Provided by: triehash_0.3-2_all bug

NAME

       triehash - Generate a perfect hash function derived from a trie.

SYNOPSIS

       triehash [option] [input file]

DESCRIPTION

       triehash takes a list of words in input file and generates a function and an enumeration to describe the
       word

INPUT FILE FORMAT

       The file consists of multiple lines of the form:

           [label ~ ] word [= value]

       This maps word to value, and generates an enumeration with entries of the form:

           label = value

       If label is undefined, the word will be used, the minus character will be replaced by an underscore. If
       value is undefined it is counted upwards from the last value.

       There may also be one line of the format

           [ label ~] = value

       Which defines the value to be used for non-existing keys. Note that this also changes default value for
       other keys, as for normal entries. So if you place

           = 0

       at the beginning of the file, unknown strings map to 0, and the other strings map to values starting with
       1. If label is not specified, the default is Unknown.

OPTIONS

       -C.c file --code=.c file
           Generate code in the given file.

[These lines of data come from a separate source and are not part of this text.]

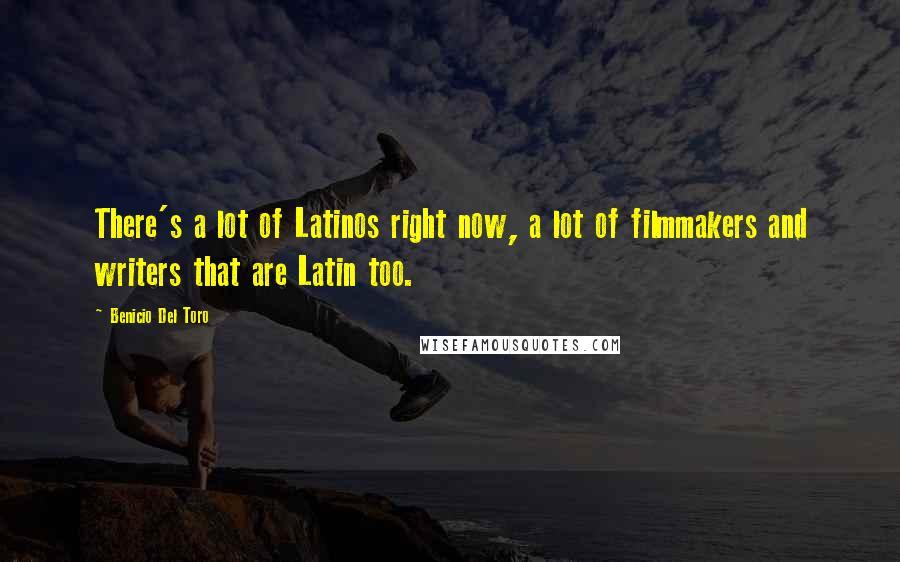 Benicio Del Toro Quotes: There's a lot of Latinos right now, a lot of filmmakers and writers that are Latin too.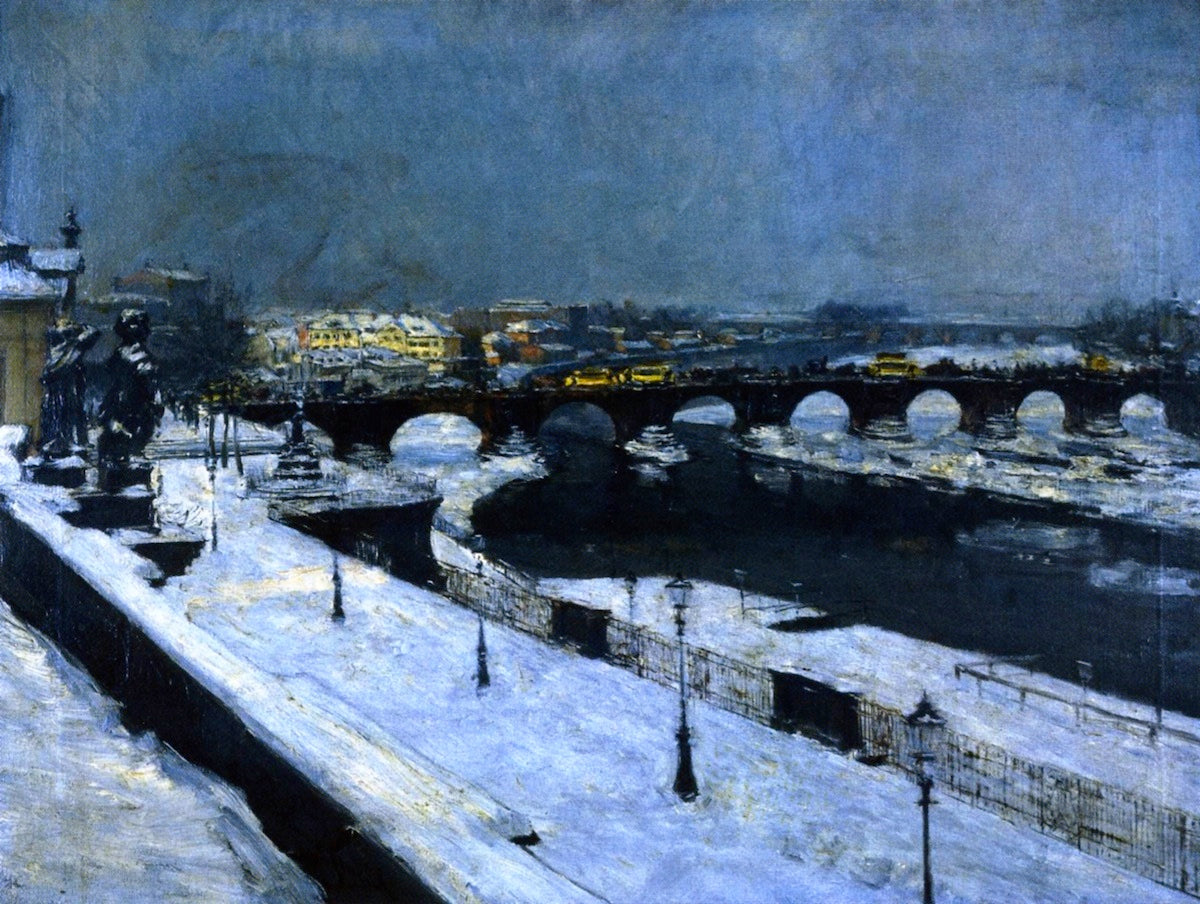 The Augustus Bridge in Dresden in Winter, vintage artwork by Gotthardt Kuehl, 12x8" (A4) Poster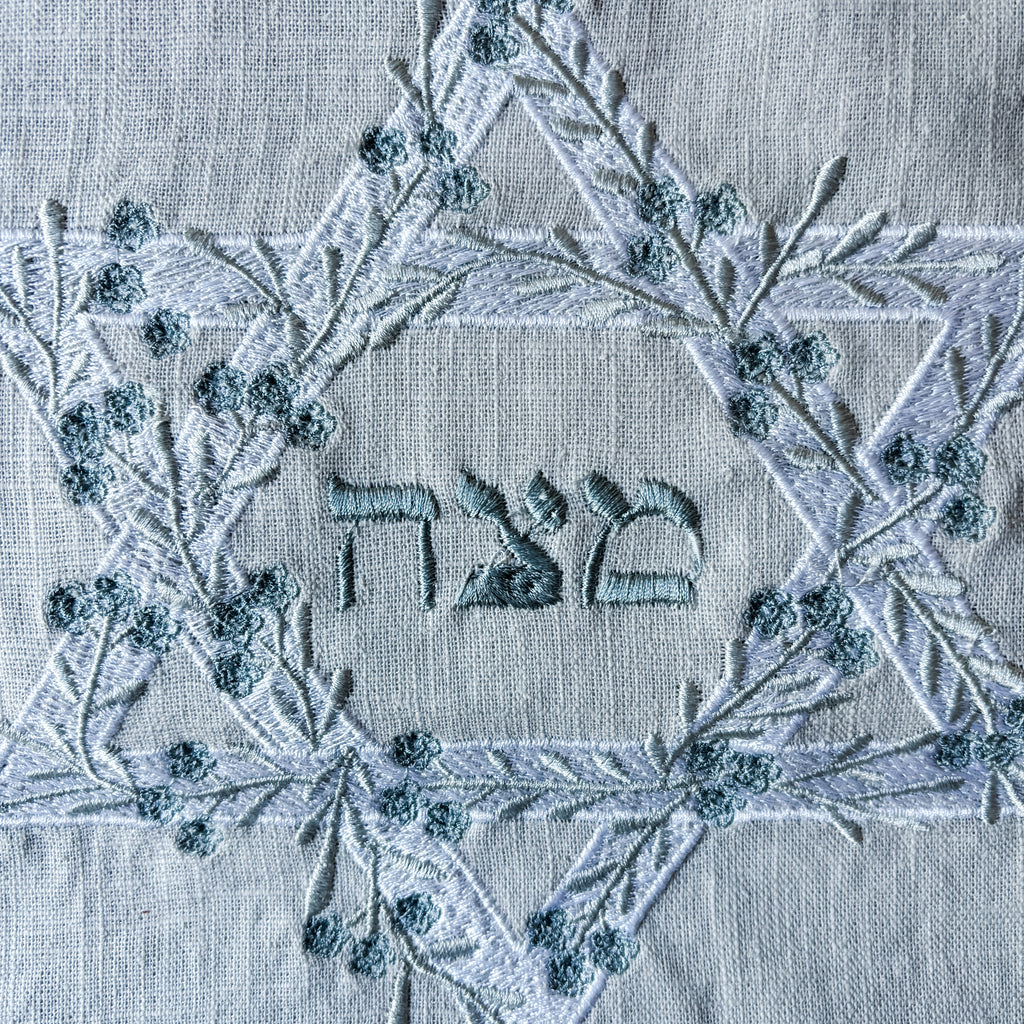 Matzah cover, Embroidered linen- Peace Love Light Shop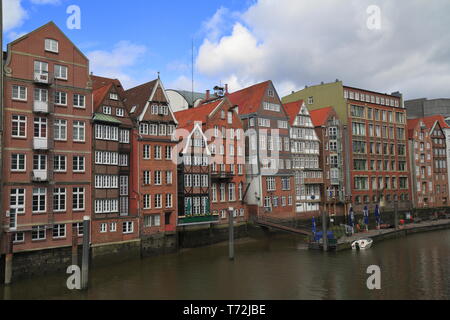 Facciate storiche in Amburgo Germania Foto Stock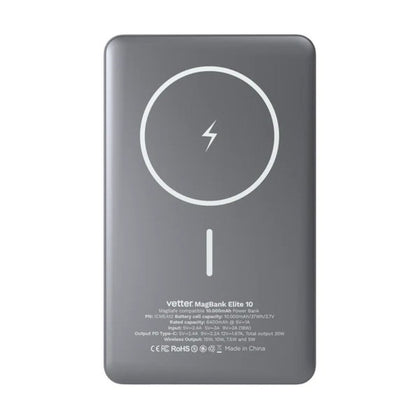 Външна батерия Vetter MagBank Elite 10, MagSafe батерия, сива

       -Hheader file --header=header file
           Generate a header in the given file, containing a declaration of the hash function and an
           enumeration.

       --enum-name=word
           The name of the enumeration.

       --function-name=word
           The name of the function.

       --label-prefix=word
           The prefix to use for labels.

       --label-uppercase
           Uppercase label names when normalizing them.

       --namespace=name
           Put the function and enum into a namespace (C++)

       --class=name
           Put the function and enum into a class (C++)

       --enum-class
           Generate an enum class instead of an enum (C++)

       --counter-name=name
           Use name for a counter that is set to the latest entry in the enumeration + 1. This can be useful for
           defining array sizes.

       --ignore-case
           Ignore case for words.

       --multi-byte=value
           Generate code reading multiple bytes at once. The value is a string of power of twos to enable. The
           default value is 320 meaning that 8, 4, and single byte reads are enabled. Specify 0 to disable
           multi-byte completely, or add 2 if you also want to allow 2-byte reads. 2-byte reads are disabled by
           default because they negatively affect performance on older Intel architectures.

           This generates code for both multiple bytes and single byte reads, but only enables the multiple byte
           reads of GNU C compatible compilers, as the following extensions are used:

           Byte-aligned integers
                   We must be able to generate integers that are aligned to a single byte using:

                       typedef uint64_t __attribute__((aligned (1))) triehash_uu64;

           Byte-order
                   The macros __BYTE_ORDER__ and __ORDER_LITTLE_ENDIAN__ must be defined.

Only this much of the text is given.